(The data begins)
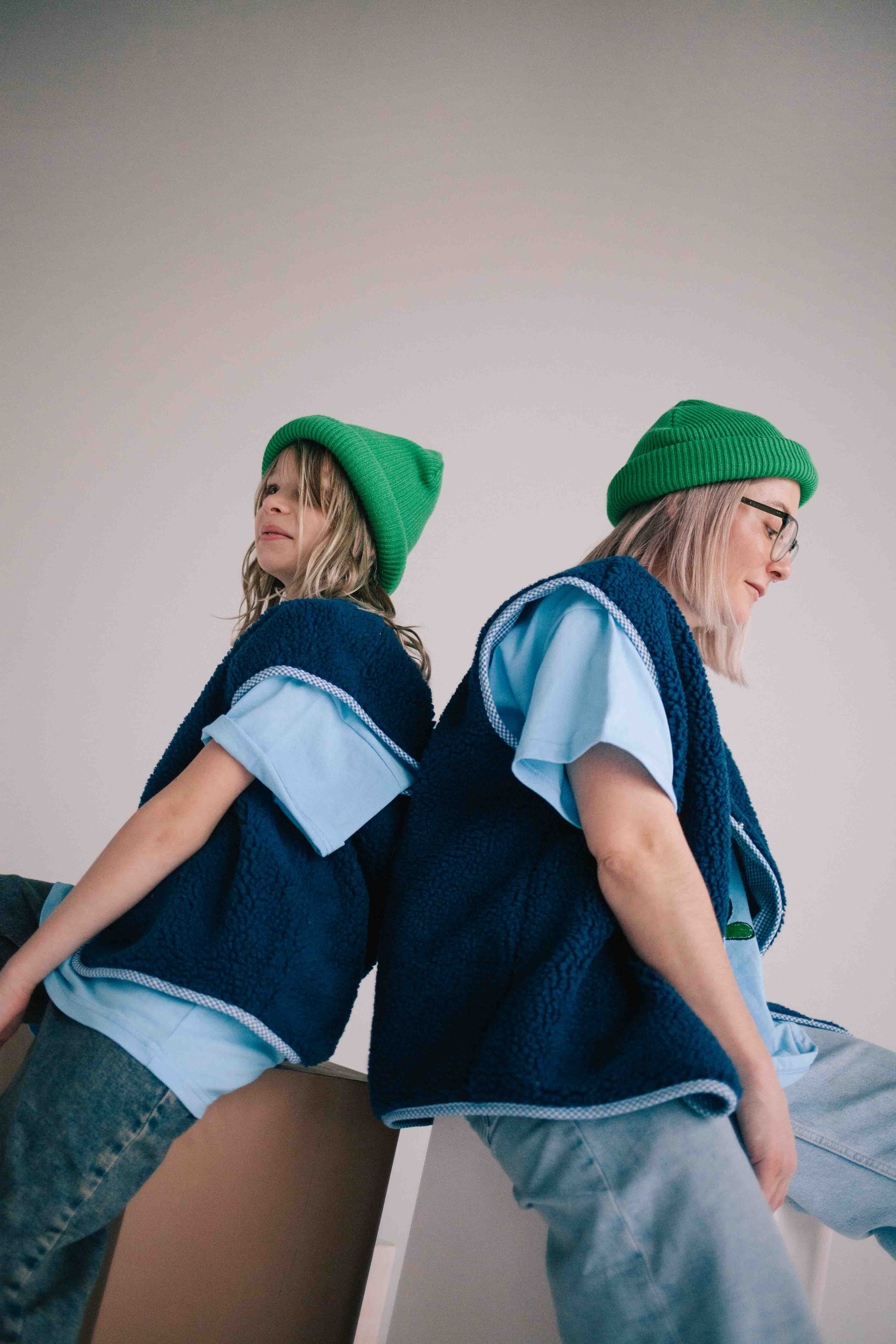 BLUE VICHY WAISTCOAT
(The data ends)
(The data begins)
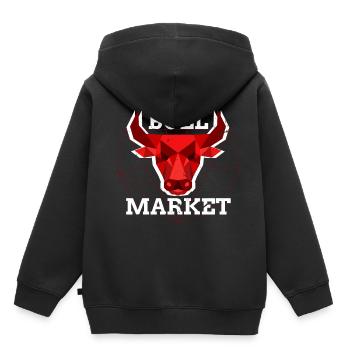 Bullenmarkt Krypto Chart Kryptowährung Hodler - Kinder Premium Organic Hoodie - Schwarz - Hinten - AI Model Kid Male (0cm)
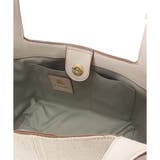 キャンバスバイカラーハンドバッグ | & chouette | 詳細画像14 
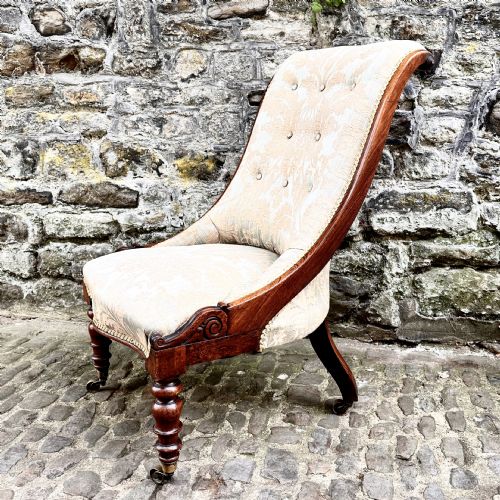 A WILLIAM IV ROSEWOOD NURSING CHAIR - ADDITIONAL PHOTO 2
(The data ends)
(The data begins)
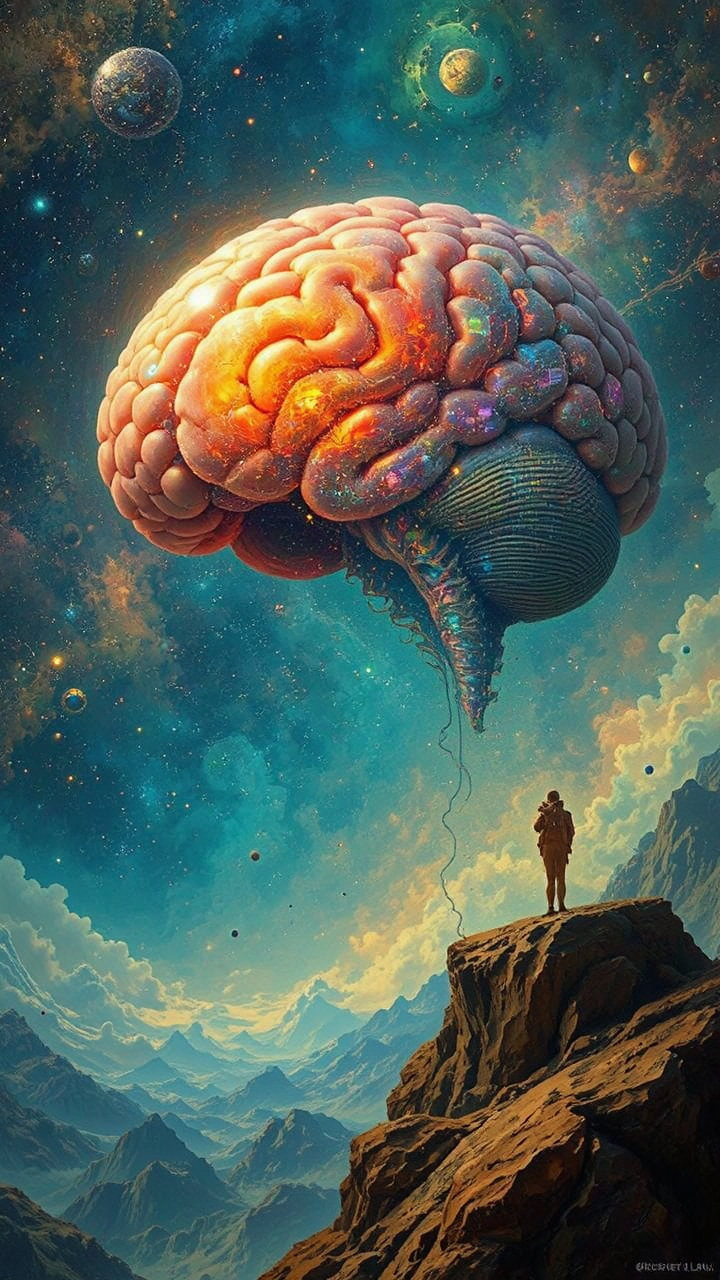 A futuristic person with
(The data ends)
__Problem to solve__:
An exact transcription is needed of the lines from the one with "Bullenmarkt Krypto Chart" to the one with "A WILLIAM IV" above, both ends included, with pictures left out.

__Solution below__:
 Bullenmarkt Krypto Chart Kryptowährung Hodler - Kinder Premium Organic Hoodie - Schwarz - Hinten - AI Model Kid Male (0cm)
 キャンバスバイカラーハンドバッグ | & chouette | 詳細画像14 
 A WILLIAM IV ROSEWOOD NURSING CHAIR - ADDITIONAL PHOTO 2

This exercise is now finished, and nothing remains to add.